Immunotherapy: what future for this therapeutic revolution?

Immunotherapy does not target the tumor directly. It mainly acts on the patient’s immune system to make it able to attack cancer cells. It is based on monoclonal antibodies, in particular checkpoint inhibitors (anti-PD-1, anti-PD-L1, anti-CTLA-4), bispecific antibodies, adoptive transfer of cells (Car-T cells) or further tumor vaccination.

Patients in complete remission

Anti-cancer immunotherapy is a real breakthrough therapeutic innovation. These treatments have achieved long-lasting remissions in cancers such as metastatic melanoma. “For 15 years now, we have had 5-year data with patients in complete remission”, welcomes Gérard Zalcman, Professor of pulmonology, thoracic oncologist and specialist in lung cancer.

“We can of course also speak of thoracic cancers, for which immunotherapy now has indications in practically all forms”, continues the expert. Gérard Zalcman details: “concerning non-small cell lung cancer (NSCLC), immunotherapy has given very spectacular long-term survival results, with almost complete remissions at three years, which had never been seen with the only About small cell lung cancers (SCLC), for which the same chemotherapy was given for 30 years, the advent of immunotherapy has made it possible to improve things, by increasing long-term survival in the forms Finally, for mesothelioma (a chest tumour), immunotherapy has been a major advance, with a very significant and spectacular improvement in survival compared to chemotherapy.”

Immunotherapy is not reserved for the sole treatment of cancer.

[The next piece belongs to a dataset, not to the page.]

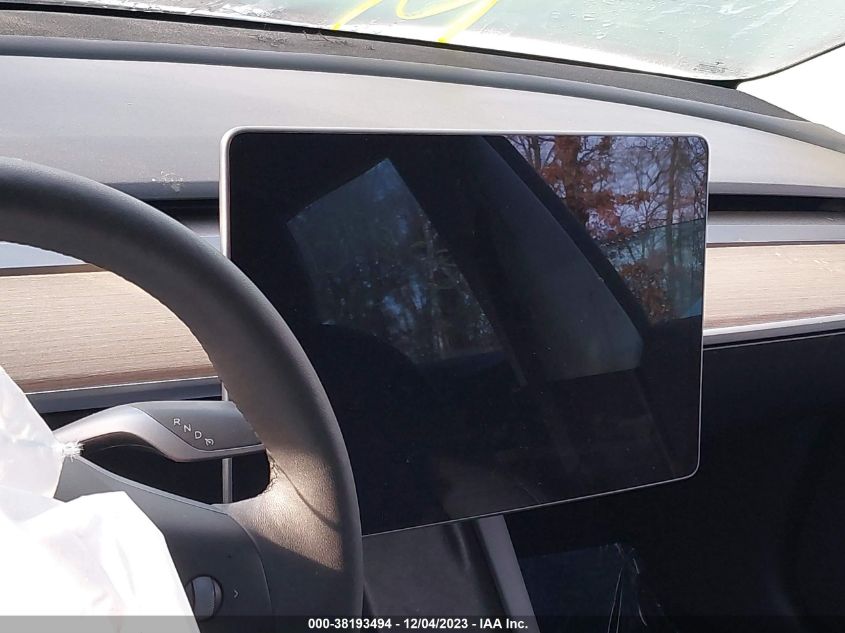 2022 TESLA MODEL 3 - 5YJ3E1EA5NF114977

It is also used to stimulate the immune system against various infectious agents, especially in patients whose immunity is weakened (HIV, patients after chemotherapy or radiotherapy). It can also be used to treat immune system imbalances in diseases such as lupus, rheumatoid arthritis, multiple sclerosis… The objective is to block immune responses in addition to conventional immunosuppressive treatments.

Tomorrow’s challenges

Thereby, “Immunotherapy will surely be one of the most used therapies in the years to come”, analyzes Gérard Zalcman, before adding: “but there is still a lot of progress to be made in this area, because it is not a miracle treatment, it should not be oversold”.

In particular, what remains to be determined is what drives the response to a particular immunotherapy treatment in a given patient. Indeed, apart from melanoma or Hodgkin’s lymphoma, where the response rates are high (40% and 60% respectively), the percentage of patients responding to these immunotherapies as monotherapy is generally around 15%. One of the current challenges is therefore to identify the biomarkers associated with the response, to avoid unnecessarily exposing patients, but above all to understand the mechanisms of resistance in order to adapt the therapeutic strategy.

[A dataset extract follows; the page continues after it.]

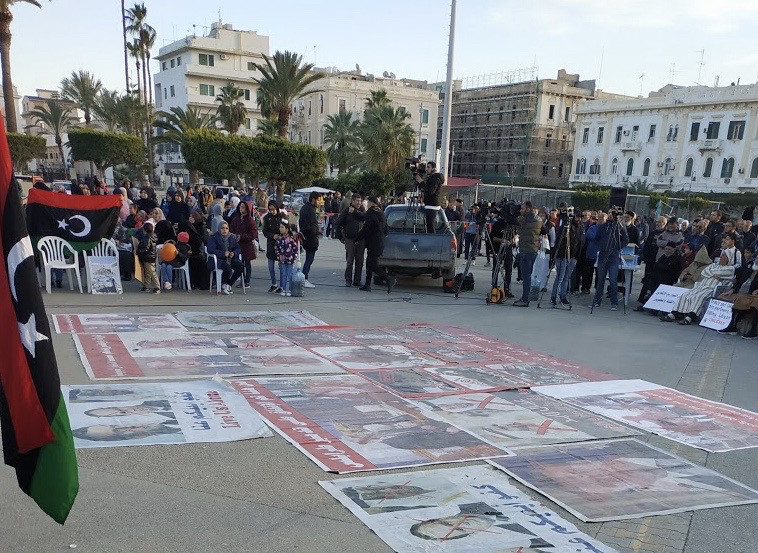Le 17 janvier 2020, à Martyrs square à Tripoli, des portraits des « ennemis de Tripoli » sont affichés lors de la manifestation contre le maréchal Haftar. Mathieu Galtier.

“That’s tomorrow’s challenge. The big problem is that we don’t have absolutely effective predictive biomarkers, far from it. We have things that are relatively imperfect, such as the expression of the protein against which are directed most immunotherapies, which we call “PD-L1”. We can have negative PD-L1 on the tumor and therefore very good responses, and conversely we have inefficiencies observed even though there is a strong expression of PD-L1″, explains the thoracic oncologist. “The mutational load was also a big disappointment in terms of prediction, and gene expression signatures are still under research. In the lung, we know that it is the less rapidly evolving tumors that can benefit the plus immunotherapy as monotherapy”.

The international multicenter phase 2 clinical trial called Keynote-158, the first results of which have just been published in the Lancet Oncology, also contributes to defining a new biomarker, relevant for determining the patients likely to benefit from treatment with pembrolizumab, an anti-PD-1 immunotherapy. “The hypothesis, which has not been formally demonstrated in the clinic, is that the more mutations there are in the tumor genome, the more the tumor cell produces abnormal proteins, likely to be recognized by the patient’s immune system. “, explains Aurélien Marabelle, clinical director of Gustave Roussy’s immunotherapy program.

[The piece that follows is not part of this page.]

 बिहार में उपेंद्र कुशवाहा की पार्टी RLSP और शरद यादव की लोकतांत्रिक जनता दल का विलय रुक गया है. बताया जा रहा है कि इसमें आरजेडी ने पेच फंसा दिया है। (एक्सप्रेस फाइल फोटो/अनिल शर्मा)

Moreover, the response to a single immunotherapy treatment (monotherapy) is sometimes atypical and is not always easy to assess according to the usual criteria for evaluating the response to a treatment. Thus, even in the event of non-response, the treatment can still bring a benefit to the patient. The response may also be delayed and the tumor may regress long after the start of treatment or even after stopping treatment. Finally, in other cases, there seems to be no response, but when the patient receives another treatment – ​​chemotherapy for example – the response to it is greatly increased. “It is a question of better apprehending these mechanisms”, explains Leem.

Adverse effects

Finally, these new immunotherapy approaches are not devoid of toxicities linked to the activity of the immune system, high or excessive, which can lead to autoimmune reactions (i.e. the immune system attacks its own cells that he recognizes as being foreign to the organism). In the future, “better control of these toxicities will be essential”, continues the Leem.

Gérard Zalcman concludes: “As with all effective drugs, there are side effects, even if there are 50% fewer side effects compared to chemotherapy. There are mainly effects on the level of thyroid hormones, inflammation at the level of the colon which gives diarrhea, and finally lung inflammation. All organs can be affected, but this only concerns 1 to 5% of patients treated at the most.”

Subject made from the LEEM file “100 questions about medicine”.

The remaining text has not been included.